Sinceramente, num mundo tão cruel para as crianças em tantos lugares do mundo, não vejo que tudo isto tenha causado um incómodo pelo menos semelhante àquele que está a causar a possibilidade da adopção por casais homossexuais. Nos Países em que essa possibilidade existe, os filhos têm declarado publicamente que foram criados e educados com afecto e que isso é que é relevante.

Nos casos que tive no Tribunal de Menores em que crianças em perigo foram confiadas a familiares que viviam em situação de conjugalidade ou de intimidade com parceiros homossexuais, posso dizer-vos que as crianças se apresentavam todas muito saudáveis emocionalmente e a  nível de estabilidade psíquica.

Outra questão que mencionei acima: Continuamos a saber que há crianças escravas por esse mundo fora, vendidas pela família por poucos dólares. Que felizes seriam se em Países como Portugal pudessem deixar de ser invisíveis, se pudessem ter uma família, se pudessem brincar e ir à escola!

Mas há sempre obstáculos e mais obstáculos para adoptar crianças estrangeiras. Vemos quer na Europa, quer nos Estados Unidos crianças africanas e asiáticas adoptadas. Entre nós, é raro, difícil. Os candidatos desistem com tantas burocracias.

Uma coisa é certa: no nosso País existem estas famílias. Existem crianças integradas no seio destas famílias e quem as conhece testemunha que são famílias estáveis, estruturadas, afectuosas.

É por isso que não consigo acreditar que seja pelo bem-estar das crianças que clamam as pessoas que se declaram contra a adopção apenas porque os requerentes têm uma orientação sexual diferente da mais comum, sobretudo quando falamos em co-adopção, em que já existe uma relação afectiva prévia.

O que está em causa na adopção é saber se entre a criança e o adoptante existe uma relação semelhante à da filiação. Claro que nos reportamos à da filiação amiga, protectora, cheia de afecto, àquela que seja uma referência estruturante para a criança. Se essa for a situação, creio que será sempre vantajoso para a criança ter dois pais ou duas mães, em vez de não ter nenhum ou de ter só um.

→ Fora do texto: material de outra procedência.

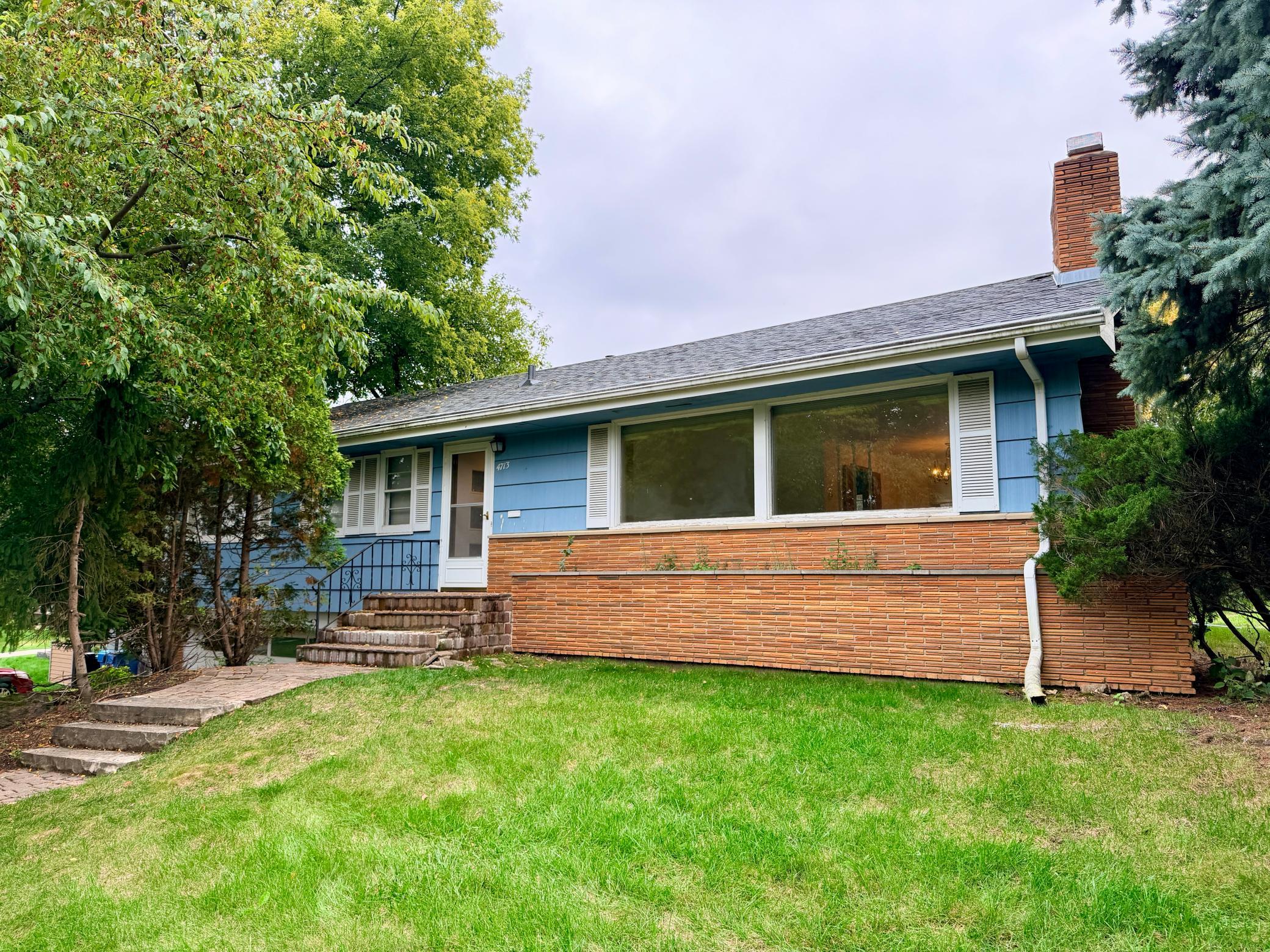 This one-story home has authentic 1950s mid-century features including brick wainscoting on the front facade and oversized front windows.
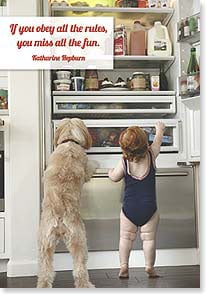 Photo of baby and dog looking in fridge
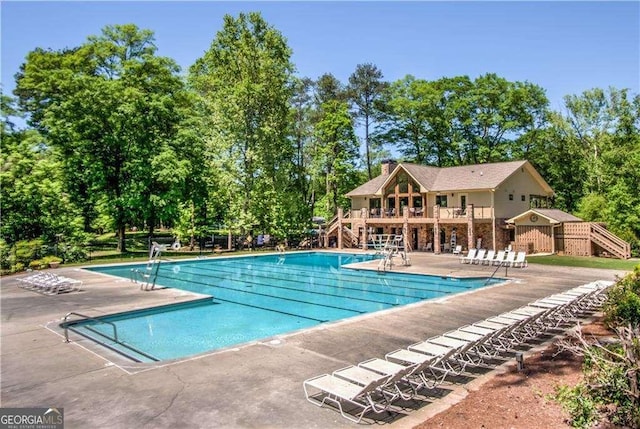 view of pool featuring a patio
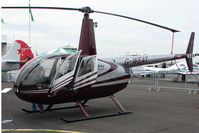 G-WEAT @ EGTB - Robinson R44 exhibited at 2009 AeroExpo at Wycombe Air Park - by Terry Fletcher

Lembro-me de um casal de lésbicas em que surgiu cancro da mama a uma das mães, que falou do seu caso, e logo se ergueram vozes dizendo que havia outras formas de evitar que, em caso de morte, a criança fosse retirada à cônjuge sobreviva. Claro que existem formas de as crianças não serem retiradas. Claro que pode haver acções propostas em Tribunal e em princípio a criança ficará confiada à sua mãe afectiva.

Mas não deveríamos ter o direito de sujeitar a cônjuge sobreviva e a própria criança a um processo, em que vai ter de demonstrar que a criança está bem integrada, que está bem tratada e outras coisas óbvias, sendo certo que não é para tratar do óbvio que existem os Tribunais.

Nestes casos, deveria estar tudo previsto, tranquilamente ponderado e decidido para que à tragédia da morte não se associe a ansiedade que qualquer processo sobre atribuição de guarda, comporta.

Em suma, se o factor determinante é a relação e se a reconhecermos, teremos de atribuir-lhe relevância jurídica para efeito da co-adopção.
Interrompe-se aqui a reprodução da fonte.